Some of the recent winners of lucrative contracts to run shops at the Atlanta airport were classified as “disadvantaged” businesses, in keeping with government goals of countering the effects of past discrimination against women and racial minorities.
But in this and other competitions for public contracts, being disadvantaged does not necessarily mean the candidate is a cash-strapped start-up. Some of the Disadvantaged Business Enterprises that won space at Hartsfield-Jackson International Airport have done business there for more than a decade. Some reaped more than $10 million in sales annually.
The airport set — and met — a goal of awarding 36 percent of the contracts by value to disadvantaged firms. In most cases they partnered with other firms, making the overall proposal more attractive because it helped meet the goal.
An airport concessionaire can qualify as disadvantaged if its revenues average less than $52 million per year over the previous three years, according to federal regulations that govern nearly every large concessions project at U.S. airports. In most cases, the businesses must be more than half owned by women or racial minorities to qualify.
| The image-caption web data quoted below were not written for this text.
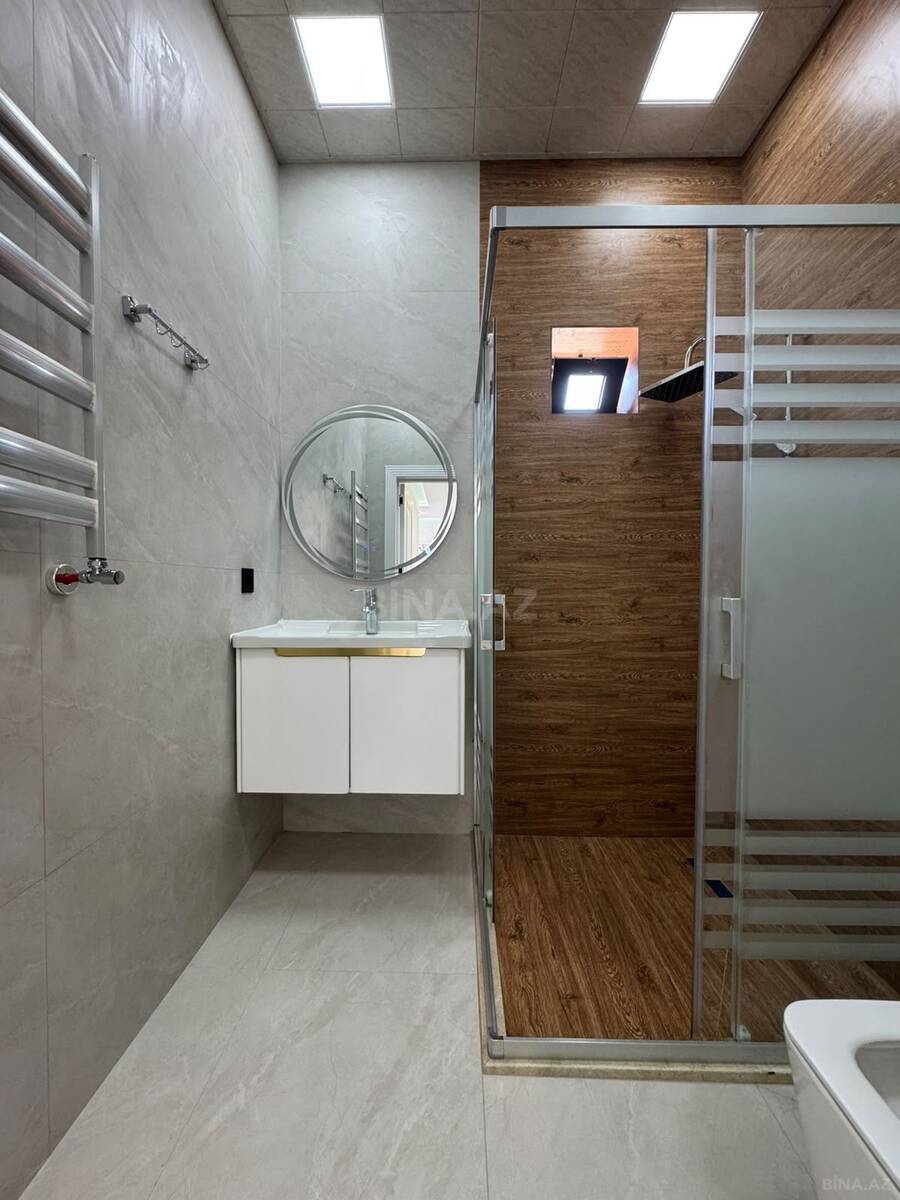 4 otaqlı Həyət evi/Bağ evi, Şüvəlan q., Bakı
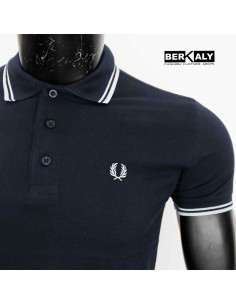 Fredperry Bleu Nuit 2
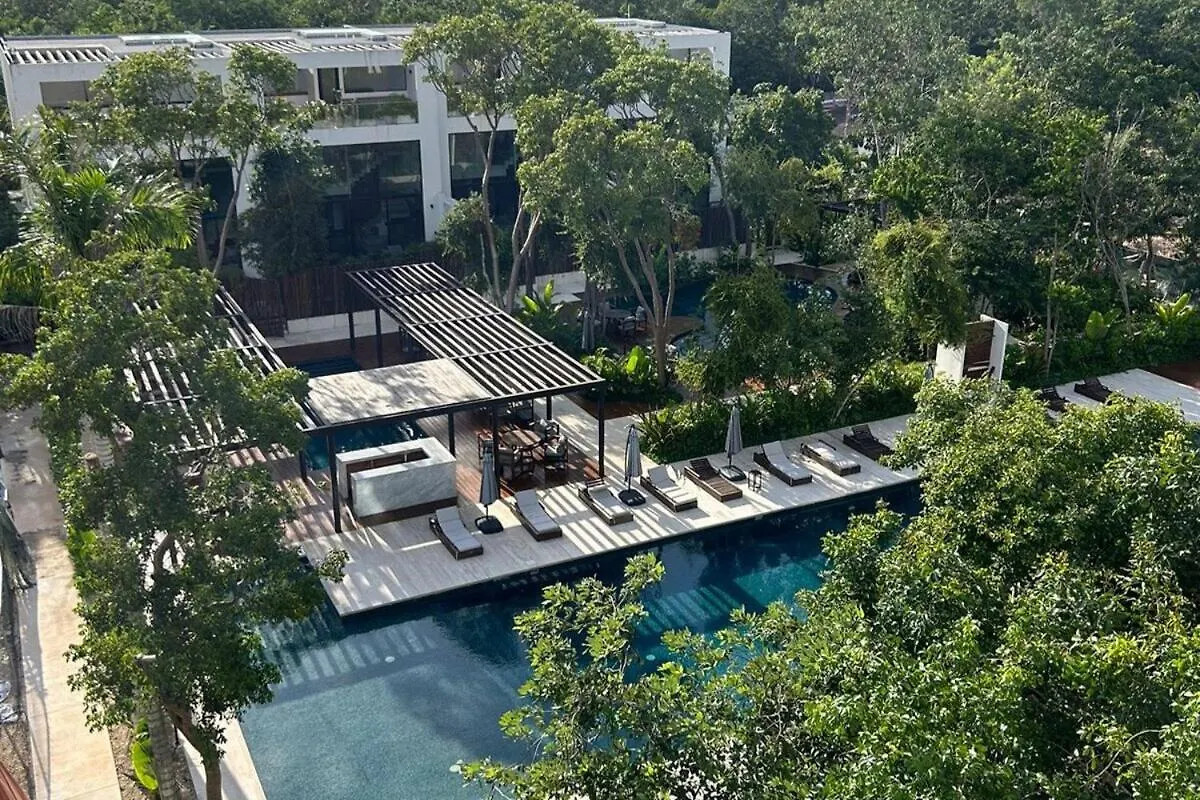 Apartmán Karanda Tulum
Owners must have less than $750,000 in personal net worth, according to the U.S. Department of Transportation, not including their equity in primary residences or their stakes in the companies. (Under a proposed change already in place for construction projects with federal funding, that cap would rise to $1.3 million.)
Federal officials stress that disadvantaged does not mean poverty or lack of current business income. People who own successful businesses are often more affluent than the general population, but some accumulate less wealth than others.
“ ‘Disadvantaged’ is a relative rather than an absolute measure,” said Bob Ashby, a DOT attorney.
Companies must apply for the designation and it can be withheld or removed if they or their owners are found to be too wealthy.
At Hartsfield-Jackson, companies certified as disadvantaged businesses include several controlled by veteran, successful operators. For instance:
● Atlanta Restaurant Partners won a small contract for airport restaurants and parts of larger restaurant contracts as a subtenant. Owners include the co-chair of Mayor Kasim Reed’s 2009 campaign and two family members of former Mayor Maynard Jackson.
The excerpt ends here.